Nicholas Boyce, policy director at the Canadian Drug Policy Coalition, an advocacy organization focused on harm reduction and decriminalization, agrees. Boyce says excessive spending on law enforcement drains resources from vital social supports like housing and addiction treatment.
A 2023 Health Canada report showed the federal government spent $433 million on drug-related law enforcement between 2017 and 2022, while it spent just $175 million on prevention, treatment and harm-reduction initiatives combined.
“Even when we are successful at stopping a particular substance, we have not addressed demand, so new drugs come along,” said Boyce.
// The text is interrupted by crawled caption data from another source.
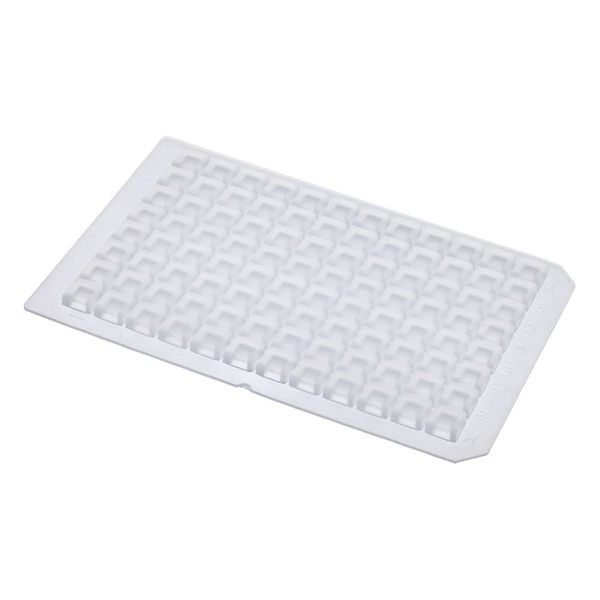 Microsolv Verschlussmatte, Silicone Rubber, für 96 Well Plattes, eckige Wells, 10 pc/PAK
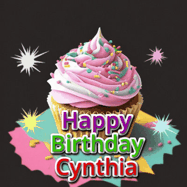 Happy Birthday Cynthia GIF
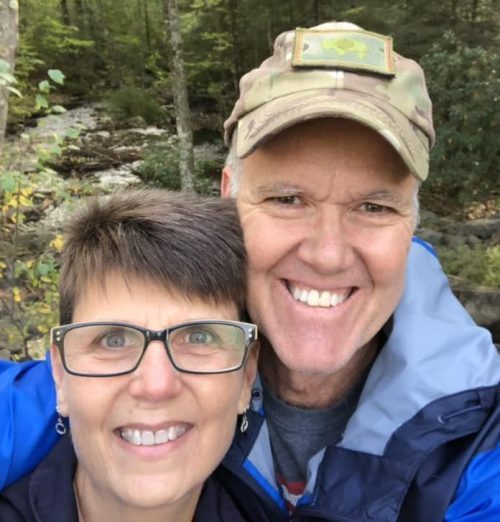 Pastor Jim and Wife Jane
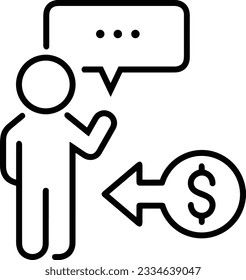 Lehrersymbol Symbol, Vektorbild. Illustration des Designbildes der Business School Klassenzimmer EPS10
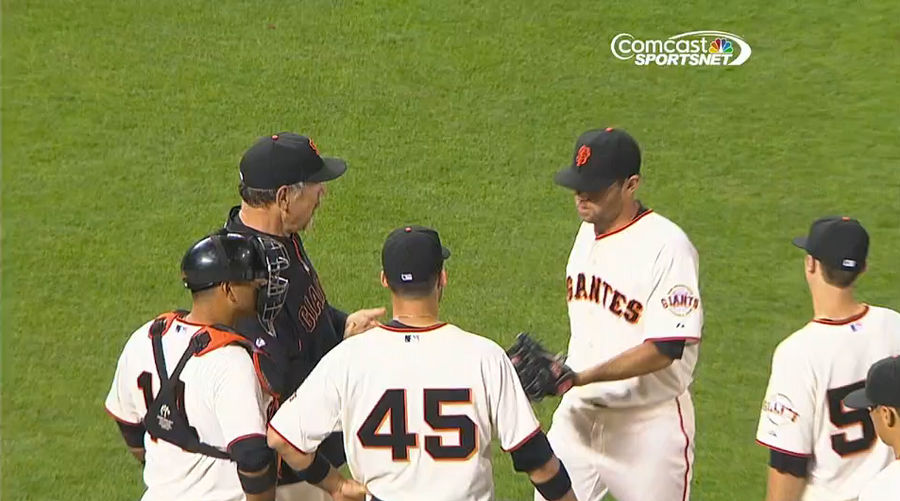 Giants Manager Bruce Bochy And His Son Made MLB History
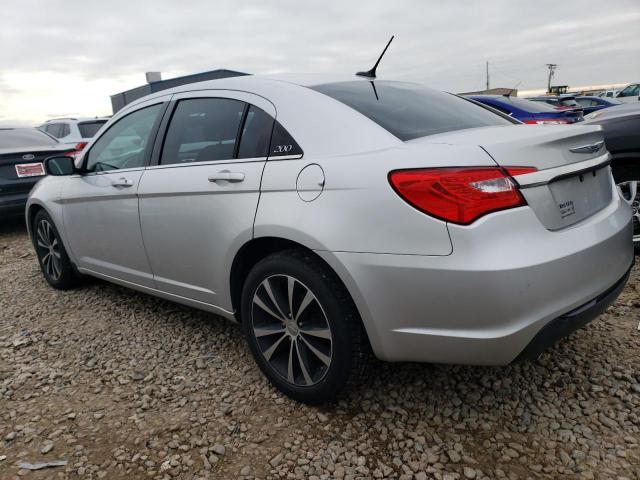 1C3CCBHG0CN123116 - 2012 CHRYSLER 200 S SILVER photo 2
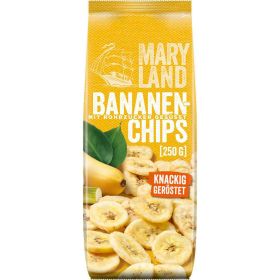 Bananen-Chips, getrocknet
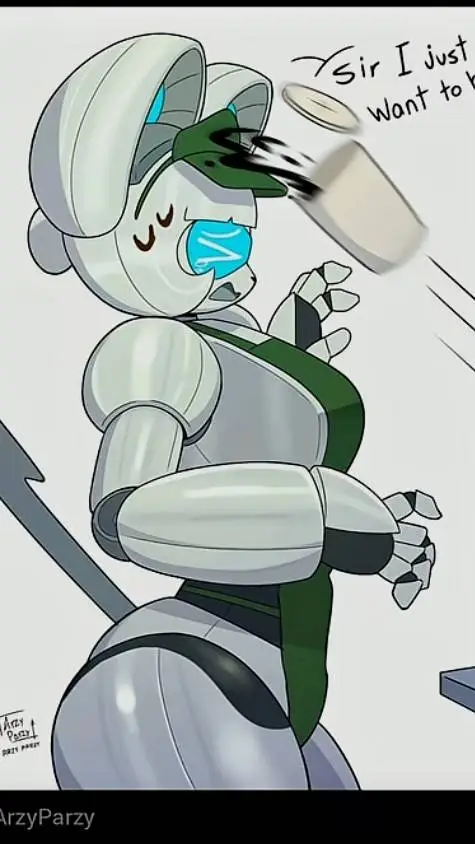 ai character: Cyper nova (fem) background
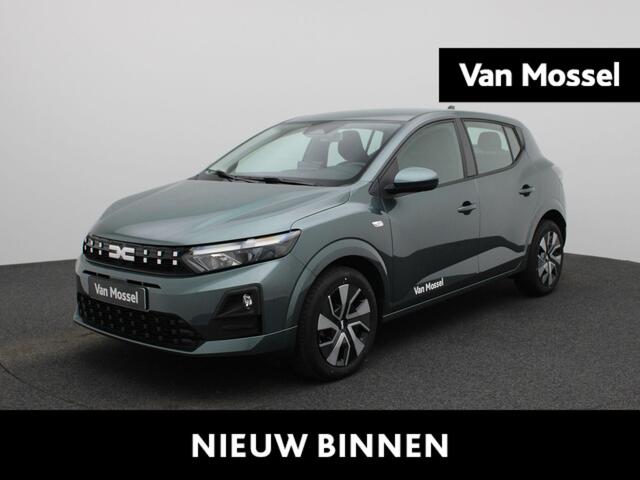 Dacia SANDERO 1.0 TCe 100 expression | Pack Winter | PDC Achter | Licht- & Regensensor | LED-Verlichting | 10" Media Display incl. Draadloze Apple Carplay & Android Auto | DAB Radio | Cruise Control & Snelheidsbegrenzer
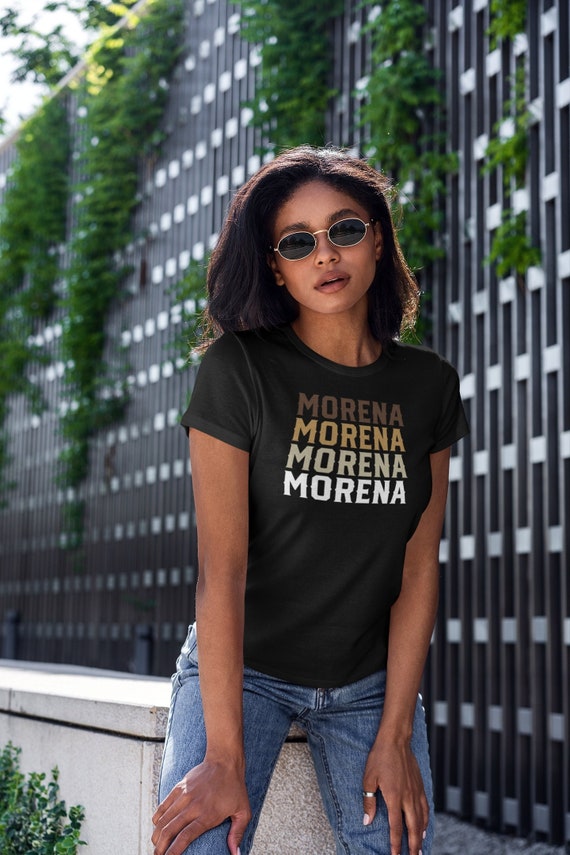 Morena T Shirt Spanish Nickname Latino Apparel Morena T Shirt Spanish Nickname Latino Apparel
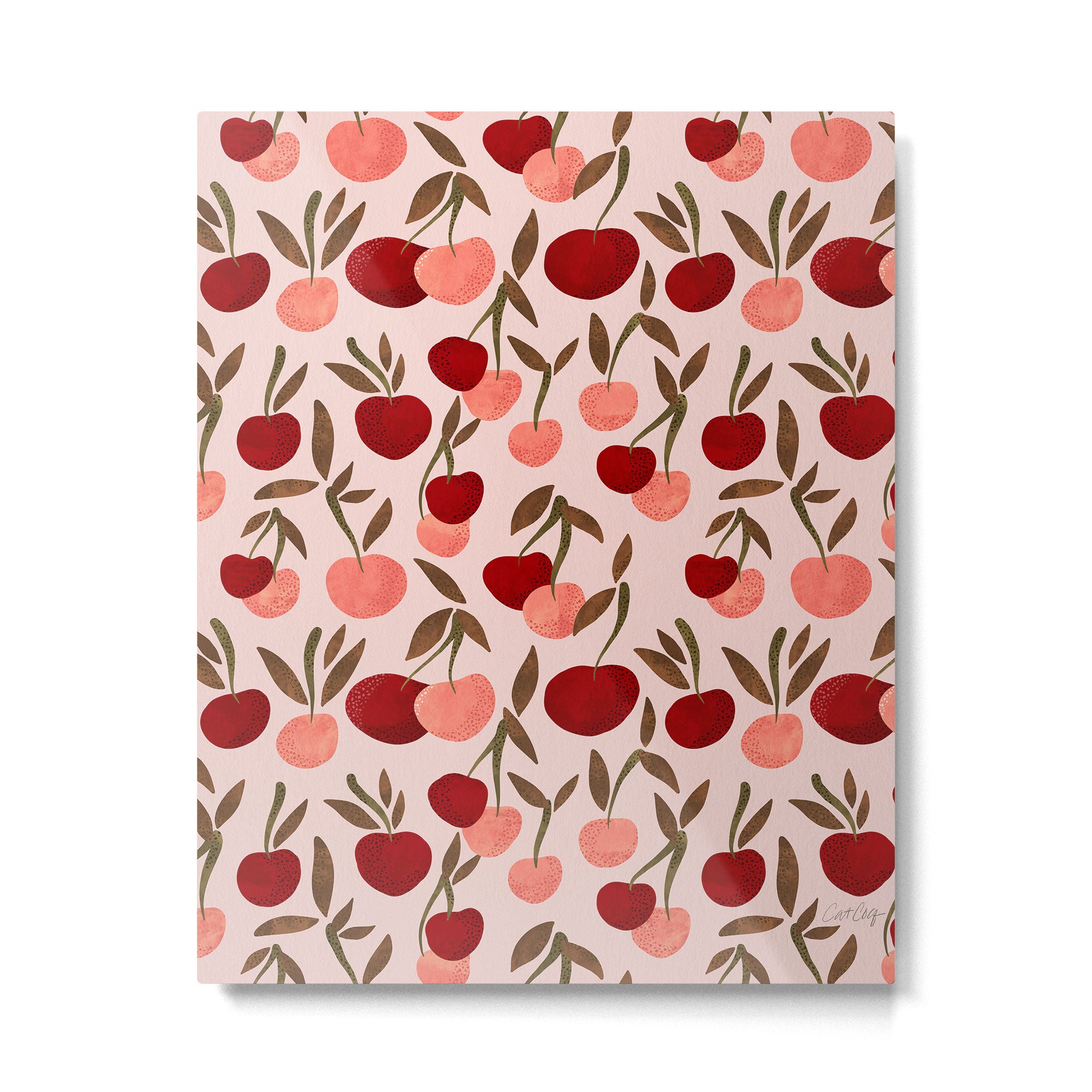 Cherry Collection - Blush Metal Print Gallery Image 6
Dr. Alexander Caudarella, CEO of the research organization Canadian Centre on Substance Use and Addiction, says focusing on supply and border issues oversimplifies the problem and prevents progress.
“The data is clear that the issues at the U.S.-Canada border are not driving either country’s overdose epidemics,” said Caudarella.
“The issue is complex and layered, and efforts to prevent fentanyl production and trafficking can be an important tool.
“However, supply reduction alone can not solve this crisis.”